How to measure whether AI is actually working

I asked a client last month how their AI agent was performing. They said "great." I asked what metrics they were tracking. Silence.

This happens more than you'd think. Companies invest real money in AI, ship something, and then just... assume it's working because nobody's complaining. That's not measurement. That's hope.

The problem with "it feels faster"

Feelings aren't data. I've seen teams swear that an AI tool is saving them hours per week, and when we actually measured it, the saving was about 20 minutes. I've also seen the opposite: a team convinced their AI wasn't doing much, and when we looked at the numbers, it was saving 9 hours a week across the group.

Human perception of time saved is terrible. We overestimate savings on tasks we hated and underestimate savings on tasks we didn't mind. You need actual numbers.

What to measure (and when)

The metrics depend on what the AI is doing. But there are three categories that apply to almost everything.

Time displacement

The most straightforward one. How long did this task take before AI? How long does it take now?

Measure both. Before you deploy, get a baseline. Time the task across 5-10 instances. Record it. After deployment, do the same thing 2 weeks in and again at 6 weeks.

Why twice? Because the first measurement catches the obvious time saving. The second catches whether people have actually adopted it or quietly gone back to the old way. I've seen this happen four times now. The tool works. People don't use it. The time saving exists in theory but not in practice.

For a reporting agent I built for a B2B SaaS client in January, the baseline was 2.5 hours per week for one person. After the agent: 15 minutes of review time. That's a 90% reduction in time. Clear, measurable, defensible.

Quality impact

Time isn't everything. Sometimes AI makes things faster but worse. Sometimes it makes things slower but significantly better.

For any task where the output goes to a customer or feeds into a decision, track error rates. Before AI: how often was the output wrong or needed correction? After AI: same question.

One client was using an agent to draft customer responses. The agent was fast. But 30% of responses needed editing before sending, and about 5% had factual errors that would've been embarrassing if they'd gone out. We tracked this for a month, identified the patterns causing the errors, adjusted the prompt, and got the edit rate down to 12% and factual errors to under 1%. Without measuring, they'd have either assumed it was fine or scrapped it entirely. Neither would've been the right call.

Cost per outcome

This is where people's eyes glaze over, but it matters. What does it cost you, in API fees and compute, to process one unit of work through the AI?

I track this per agent, per week. It takes about 5 minutes to check and it's caught problems twice. Once when a prompt change accidentally tripled the token usage (the agent was processing the same data three times due to a loop). Once when a model upgrade changed the pricing tier and nobody noticed for two weeks.

For most of the agents I build, the cost is somewhere between £0.01 and £0.50 per run. At low volume that's noise. At 500 runs a day, the difference between £0.05 and £0.30 per run is £3,750 a month. Worth tracking.

The ROI calculation

Once you've got time displacement and cost data, the ROI calc is simple.

Value created: Hours saved per week x hourly cost of the person who was doing it. If a £50/hour engineer saves 5 hours a week, that's £250/week or roughly £13,000 a year.

Cost: API/compute costs + time spent maintaining the agent + the original build cost amortised over 12 months.

For most of the agents I've built, the ROI is somewhere between 3x and 15x over 12 months. The reporting agent I mentioned earlier costs about £40/month in API fees and saves roughly £6,500/year in time. That's a straightforward win.

But I've also killed agents that looked good on paper and didn't deliver. One I built was supposed to automate ticket categorisation. It worked technically. But the time saving was only about 4 minutes per day because the human was already fast at it. The maintenance overhead ate the saving. Net ROI was basically zero. I shut it down after 6 weeks.

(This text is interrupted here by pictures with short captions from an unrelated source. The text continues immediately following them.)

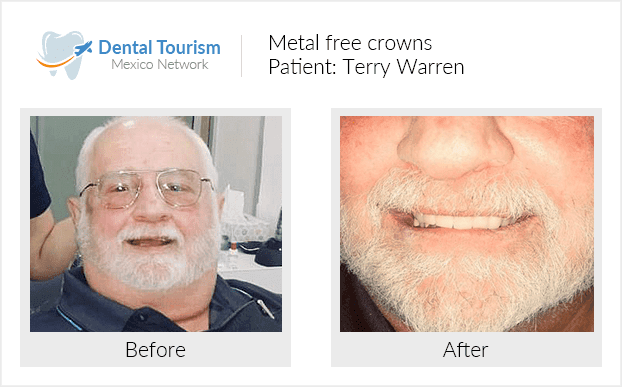 Paciente dentista
                                         Ciudad Juárez antes y despues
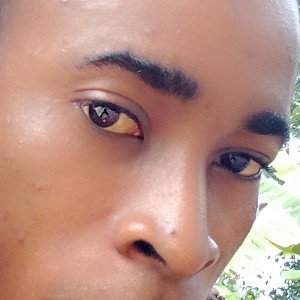 see_my_eyes_red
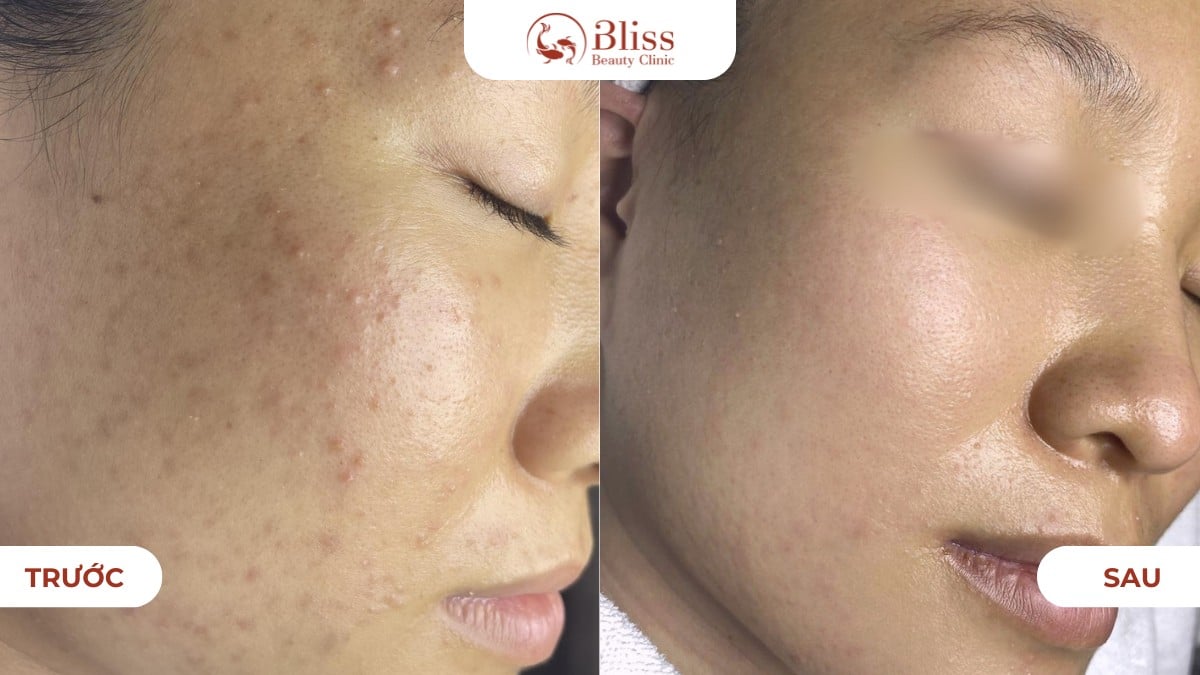 clay peel gom cồi giảm mụn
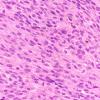 10A2 Melanoma (Case 10) H&E 40X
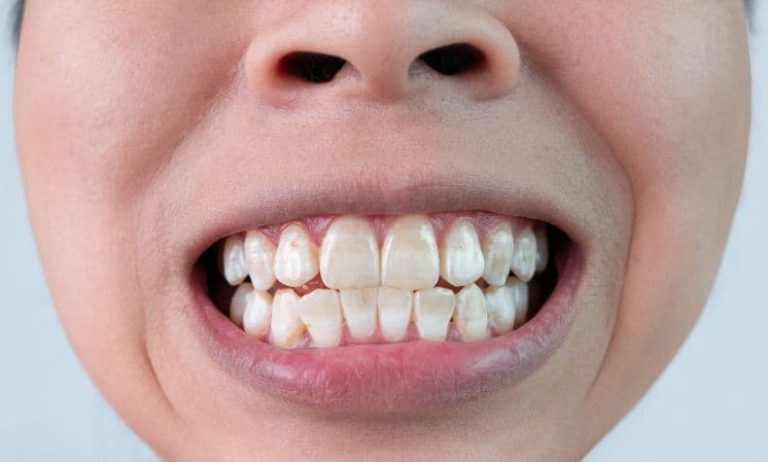 do-you-have-white-spots-on-teeth-here-s-how-you-can-overcome-them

Measuring means being willing to admit when something isn't working.

When to measure

Don't wait. Start tracking from day one.

I set up a simple dashboard for every agent I deploy. Nothing fancy. A Google Sheet with four columns: date, runs, errors, cost. Updated weekly. Takes 5 minutes.

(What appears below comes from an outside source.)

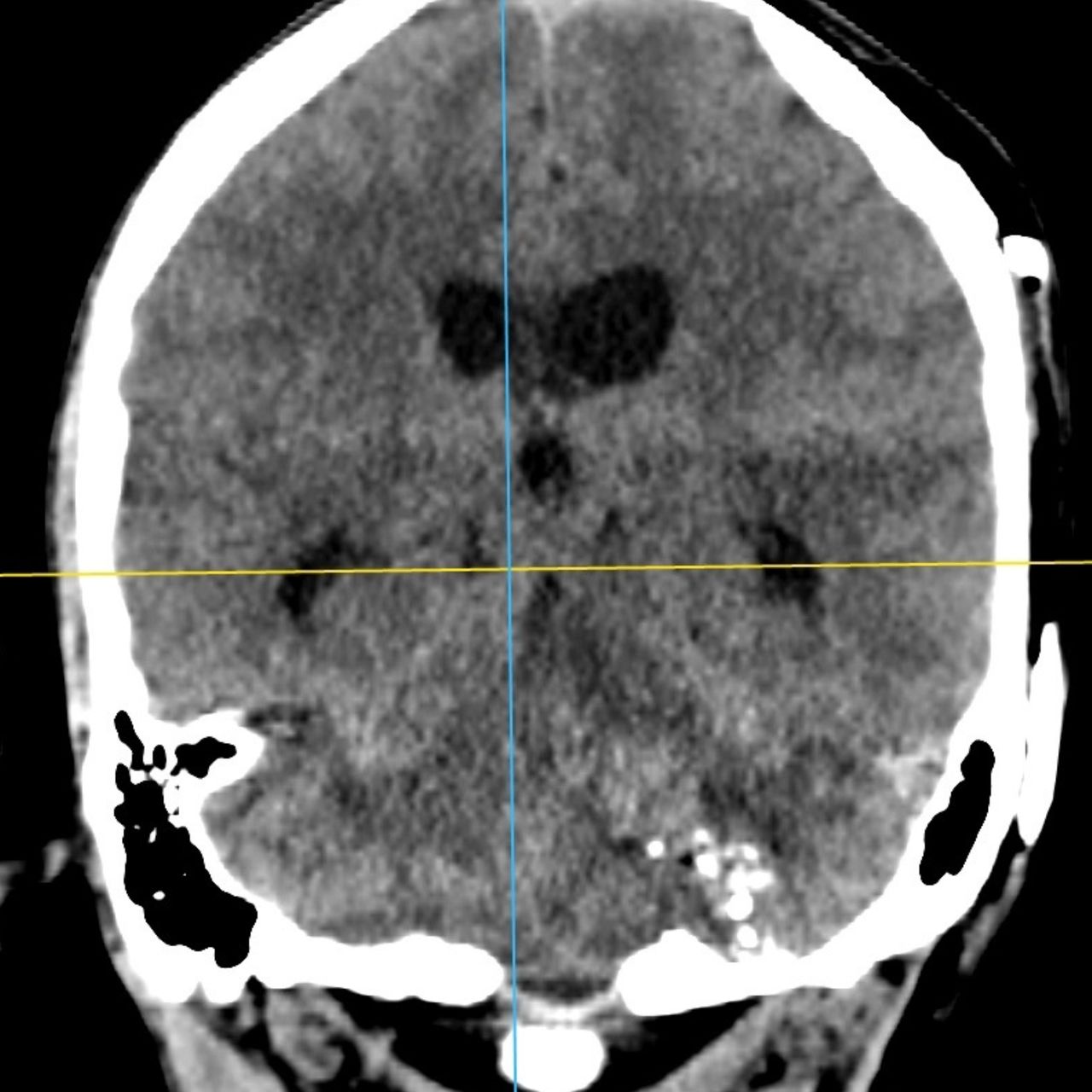 David Tafur Muñoz-1416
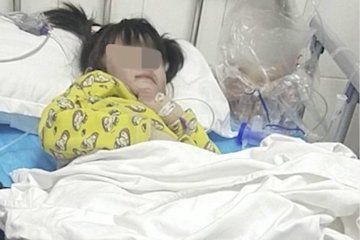Bé gái có nguy cơ phải cắt cụt cả 2 chân vì bị bố và bạn gái bạo hành dã man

At 2 weeks, I do the first time displacement comparison against the baseline. At 6 weeks, I do a full review: time, quality, cost, and a conversation with the person using it about what's working and what isn't.

If the numbers look good at 6 weeks, I move to monthly monitoring. If they don't, I either fix it or kill it.

The metrics nobody tracks (but should)

Adoption rate. How many people are actually using the thing? If you built it for a team of 8 and only 3 are using it, your ROI is less than half what you modelled.

Workaround rate. How often do people bypass the AI and do it the old way? This is the canary in the coal mine. If people are working around the AI, something's wrong with the output, the UX, or the trust level. Find out which.

The temptation with AI is to ship it and move on to the next shiny thing. The discipline is in the measurement. If you're investing in AI and you're not tracking these numbers, you don't actually know whether it's working. You're guessing.

We cover measurement frameworks as part of every AI readiness assessment we do, because there's no point identifying opportunities if you can't tell whether they delivered.